In March, a spokesman for the Qatari organisers put the number of deaths on the construction sites at “three” since 2014, with another 35 having died away from their workplaces, challenging the heavy toll reported by some rights groups.

Push from fans
The Tromso call began gathering pace in Norway, where clubs operate under a democratic structure, and under pressure from fans, many teams now say “nei” (no).

According to Sandvik, the fans feel that the deaths on the World Cup sites would have been avoided “if they had not had to build hotels, railways and stadiums”.

Nearly half of Norwegians, 49 percent, now say they are in favour of a boycott, while only 29 percent are against it, according to a poll published by newspaper VG on Wednesday.

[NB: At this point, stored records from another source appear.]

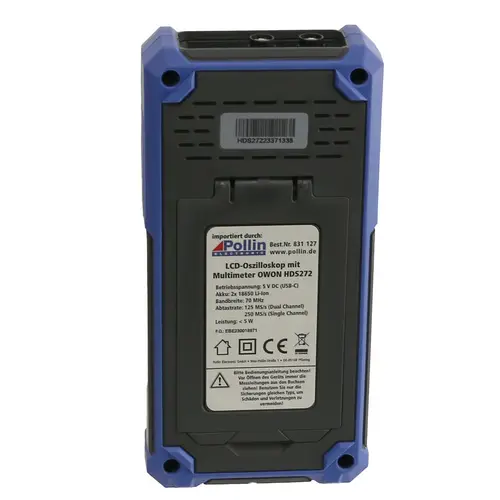 OWON LCD-Oszilloskop mit Multimeter, HDS272, 2-Kanal, 70 MHz OWON LCD-Oszilloskop mit Multimeter, HDS272, 2-Kanal, 70 MHz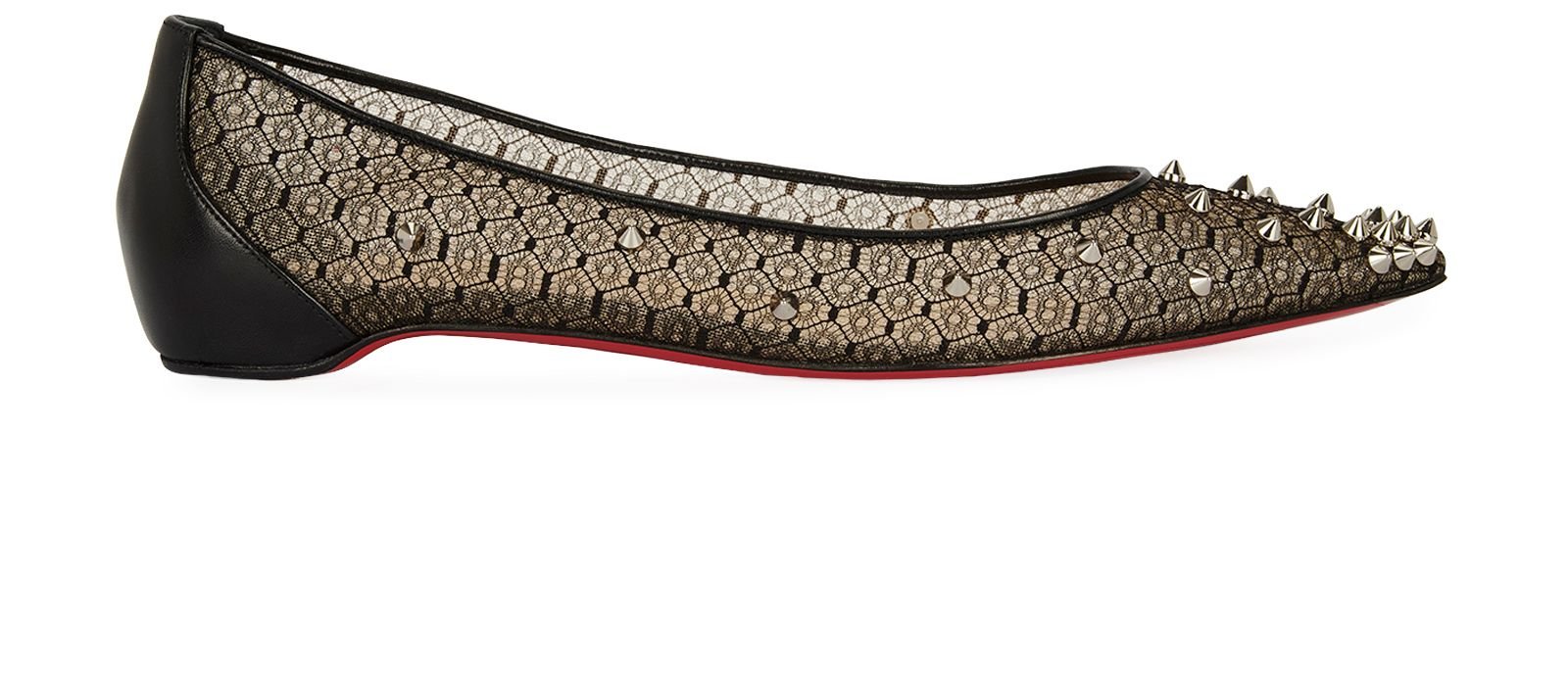 Louboutin spiked flats best sale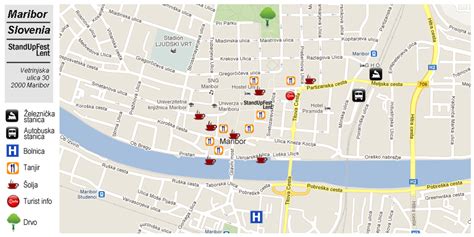Mapa Maribora s poudarjenim položajem Kadetnice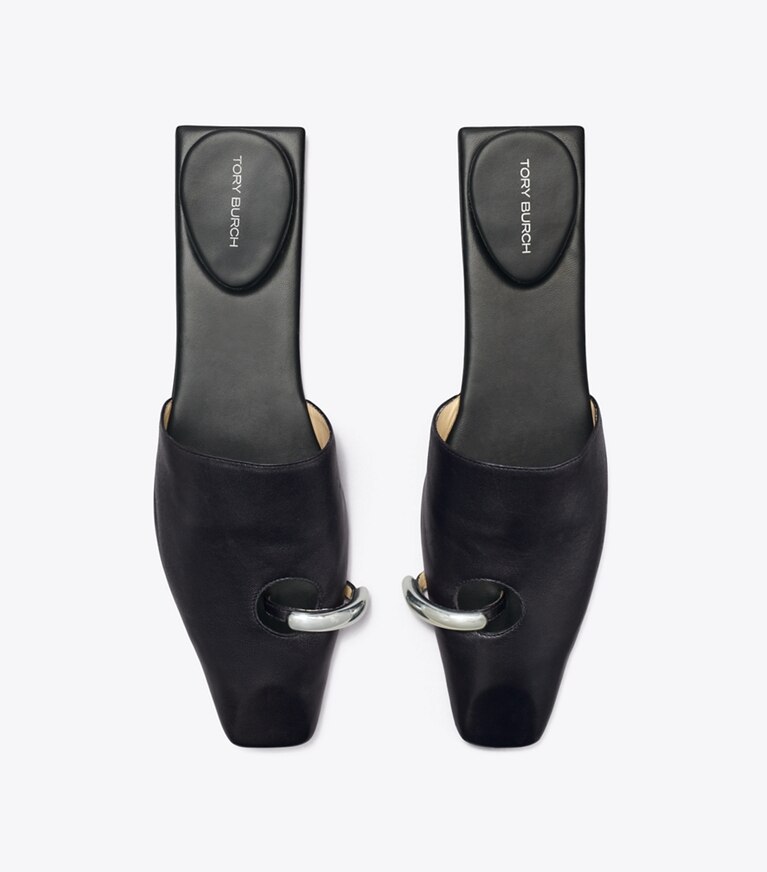 Tory Burch diseñador zapatos planos Chinela Pierced en PERFECT BLACK / SILVER vista superior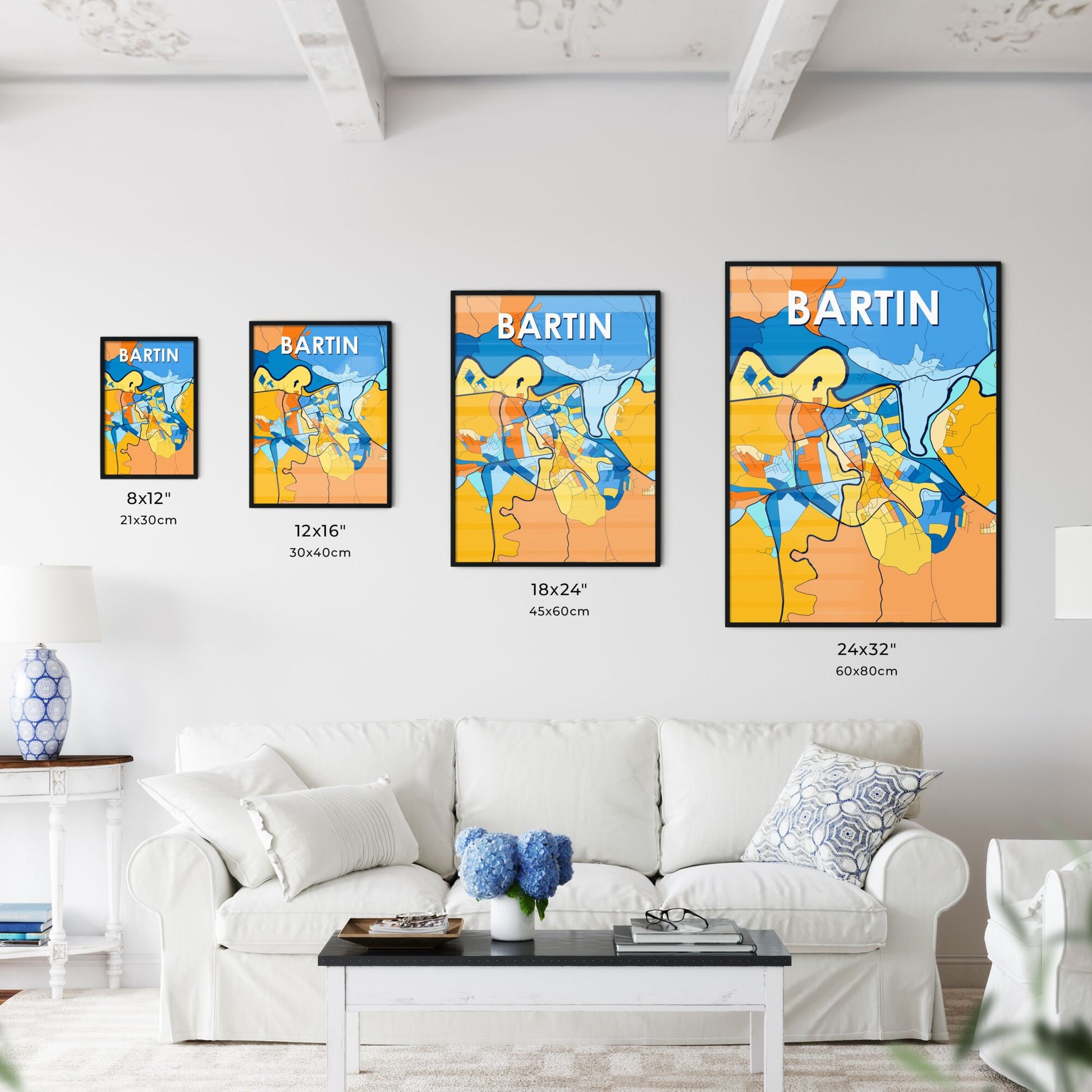 BARTIN TURKEY Vibrant Colorful Art Map Poster Blue Orange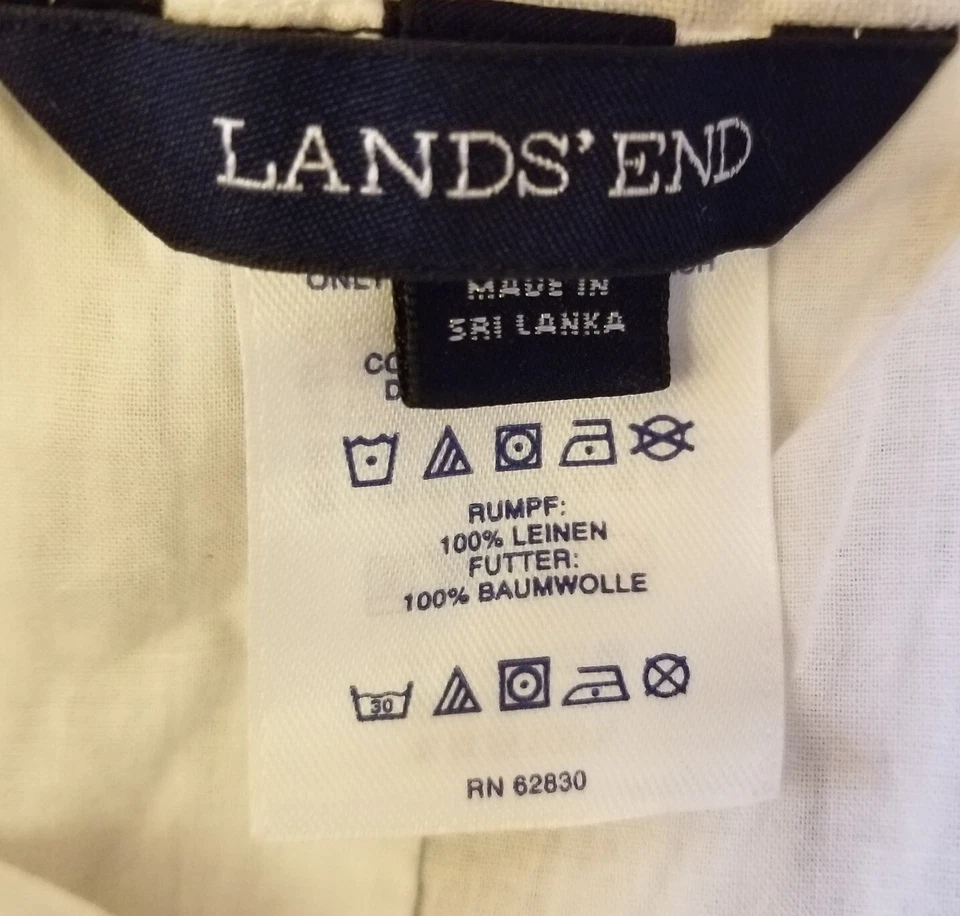 Lands End Linen Skirt Knee Stripe White Blue Lined Women Size Petite 6 Vacation - Image 3 of 4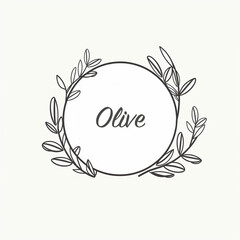 label with olive branch - simple linear style. Emblem composition with olives and typography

The Nordic country’s national squad has already protested conditions in Qatar, but stopped short of calling for a boycott.

Before recent Norway games, Borussia Dortmund superstar Haaland, captain Martin Odegaard and the rest of the team have worn t-shirts with slogans like “Human rights on and off the pitch.”

Other countries, like Germany, the Netherlands and Denmark have also followed suit.

FIFA, on the other hand, argue that awarding the hosting of the World Cup in Qatar has opened the door to social progress.

“We know there is still work to be done, but we need to recognise the significant progress achieved in a very short time,” FIFA president Gianni Infantino said in May.

‘Few successes’ 
While the executive committee of the NFF have said they regret Qatar being awarded the World Cup, they oppose a boycott.

President Terje Svendsen said he thought it was “not the right tool to improve the human rights situation or the working conditions in Qatar,” when speaking at the federation’s ordinary annual congress in March.

According to the NFF, a boycott could end up costing Norway 205 million Norwegian kroner ($24 million, 20 million euros) in fines and compensation as well as lost revenue.

Feeling the pressure from grassroots campaigns, the NFF referred the matter to an extraordinary congress which on Sunday will bring together the eight members of its executive committee, representatives of 18 districts and of hundreds of professional and amateur clubs.

The discussions will be revolve around the findings of an expert committee which, with the exception of two members representing fans, has also come out against a boycott.

“For a boycott to succeed, you need a critical mass behind it, an opposition that calls for it in the country, the UN to put pressure on the
authorities, the business world, the trade unions and civil society to put pressure on it in the long term,” committee chairman Sven Mollekleiv said in a debate hosted by broadcaster TV2.

“Historically, there are few successes,” he said.

Rather than a boycott, the committee recommended 26 measures to consolidate and further the gains made in Qatar but also to ensure that FIFA doesn’t become complicit in so called “sportswashing” — the polishing of a country’s public image through a major sporting event.

Some initial supporters of a boycott, like Tromso’s Hogli, have since sided with these conclusions, although calls for a complete boycott remain.